------ SOURCE RECORDS ------

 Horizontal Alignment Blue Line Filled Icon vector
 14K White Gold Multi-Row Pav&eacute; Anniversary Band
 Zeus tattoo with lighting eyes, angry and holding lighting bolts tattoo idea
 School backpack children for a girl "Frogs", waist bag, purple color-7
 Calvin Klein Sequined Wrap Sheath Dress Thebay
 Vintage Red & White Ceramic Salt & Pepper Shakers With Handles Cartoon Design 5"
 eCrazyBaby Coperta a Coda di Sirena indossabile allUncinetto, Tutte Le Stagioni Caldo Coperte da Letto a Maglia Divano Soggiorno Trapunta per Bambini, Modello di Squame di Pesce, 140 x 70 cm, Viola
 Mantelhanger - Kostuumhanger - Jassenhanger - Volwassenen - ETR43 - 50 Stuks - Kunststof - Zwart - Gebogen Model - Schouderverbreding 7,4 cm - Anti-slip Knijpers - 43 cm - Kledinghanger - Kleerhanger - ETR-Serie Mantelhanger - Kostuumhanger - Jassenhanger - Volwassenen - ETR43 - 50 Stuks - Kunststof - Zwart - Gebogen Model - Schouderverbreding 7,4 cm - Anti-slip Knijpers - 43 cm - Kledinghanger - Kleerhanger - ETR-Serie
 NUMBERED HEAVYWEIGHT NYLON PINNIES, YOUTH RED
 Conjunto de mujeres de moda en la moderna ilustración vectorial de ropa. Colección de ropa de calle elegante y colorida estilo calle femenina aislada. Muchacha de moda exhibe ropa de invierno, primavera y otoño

------

WHAT THE TASK ASKS ▸
Give back, unchanged, the line that holds "NUMBERED HEAVYWEIGHT NYLON" along with all lines after it through the last line above.

WRITTEN REPLY ▸
 NUMBERED HEAVYWEIGHT NYLON PINNIES, YOUTH RED
 Conjunto de mujeres de moda en la moderna ilustración vectorial de ropa. Colección de ropa de calle elegante y colorida estilo calle femenina aislada. Muchacha de moda exhibe ropa de invierno, primavera y otoño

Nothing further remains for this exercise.